Computational photography has, across the board, the same problems.

The pictures you get out will, in general, look pretty convincing. Non-convincing pictures simply get tossed as "glitches" so the only "genuine" output will be, by definition, convincing. The pictures are, in general, based on reality but are not an index of reality in any meaningful way.

As long as there is an objective reality that can be checked, things are not so bad, but in those cases in which we cannot check against reality, we run into a problem of trust. We get something out, to be sure, which might be the right thing. How can we know, though? How much trust can we place in this output? Given that the output looks convincing, people with agendas are going to strive pretty hard to get us to accept this or that result. People will stare into the depth of the pixels, and discern what they want to see, and they will lean hard on the rest of us to see the same way.

It is only a matter of time, perhaps weeks, perhaps a decade, before someone mounts a substantive challenge to some photographic evidence on the grounds that computational photography can and does produce convincing-looking artifacts.

The evidentiary and scientific value of photographs is about to take a nose dive. I remember back when you couldn't use JPEG for medical images (maybe you still can't) because JPEG artifacts could be misread. This makes that issue look like nothing whatever.

An interesting side remark here is that contemporary medical imaging often is computational photography in a fairly strictly defined sense ("CAT" means Computerized Axial Tomography) in that a bunch of not-very image-like data is combined by data processing into one or more pictures. What it does not use is Machine Learning. There is no AI bullshit, it's straight up deterministic computation, with a well-defined (and small) envelope of potential artifact generation.

It remains unclear to me how, or if, this will effect vernacular or art photography. My current guess: not very much. Which leads to an interesting bifurcation in how photographs are treated.


  1. I'm always suspicious of arguments that are based on, 'Oh, the engineers will never be able to solve this.'
    But I like the points you've been making about AI and digital imaging, that perhaps a line is being crossed.

    1. It is certainly possible that the engineers will just make it work.

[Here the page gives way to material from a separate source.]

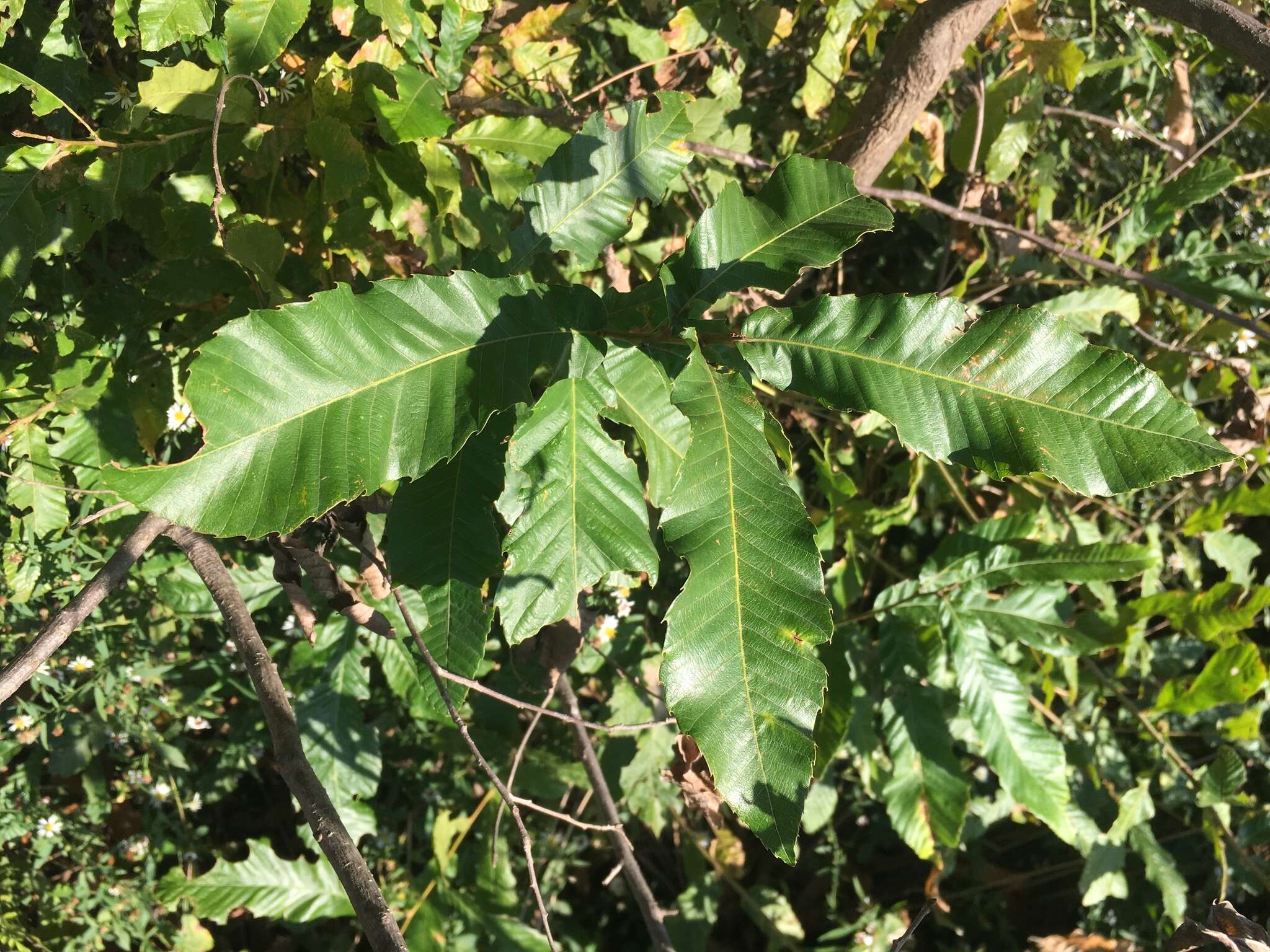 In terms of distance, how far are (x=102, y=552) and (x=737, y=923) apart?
2.16m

The differences between "inked on charred surface" and "not inked on charred surface" might just pop right out, and maybe machine learning is just the right method to scale up the computations.

      There are certainly cases where it's computationally infeasible to Just Calculate It but a machine learning model can produce essentially the same results much more cheaply.

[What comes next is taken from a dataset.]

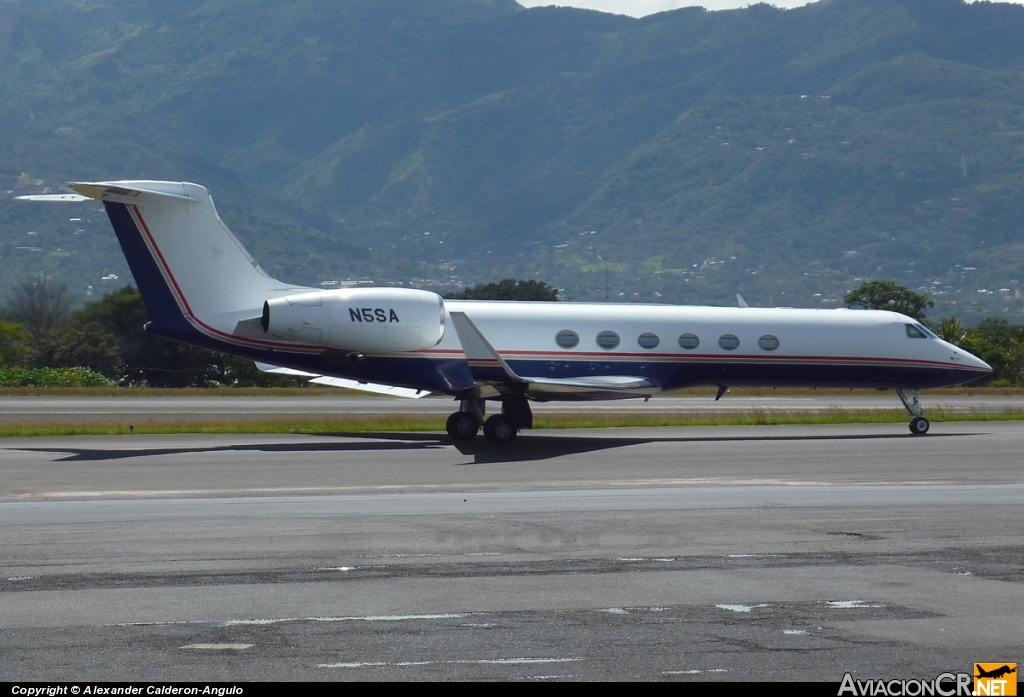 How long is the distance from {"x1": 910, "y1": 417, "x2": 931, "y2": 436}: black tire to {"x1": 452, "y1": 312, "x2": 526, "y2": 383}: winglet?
9.84 metres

      Verifiability becomes a problem in this case, but if they can really make two clean-room-separate models that produce substantially the same ink-traces, then they've got that covered pretty well too.

      It might Just Work. But it might not. There's a *huge* grey area in the target region, and if the project lands in it, there's gonna be problems.

      And if this project works out, well, there will likely be other projects that land in their corresponding grey areas.

      It is the existence and the essentially new character of the Grey Areas that makes machine learning applied to photography interesting!

  2. The problem with machine learning (and especially deep learning) is that people can provides you with the algorithm, but the results they produce are so convoluted that nobody can interpret how good or bad are the results, except indeed if there is a reality check (e.g. you consistently win chess games against a world champion). So I really dislike the idea of AI as a way to gain understanding things; it is just trained and fit for purpose, nothing more. Yes, it can beat chess champions, but it will not explain you how it did it. Very limited benefit for understanding beside the pure performance. And a sad step for humanity too with respect to knowledge; real progress are made by increasing our understanding of the world, not by outperforming existing algorithms/persons (IMHO).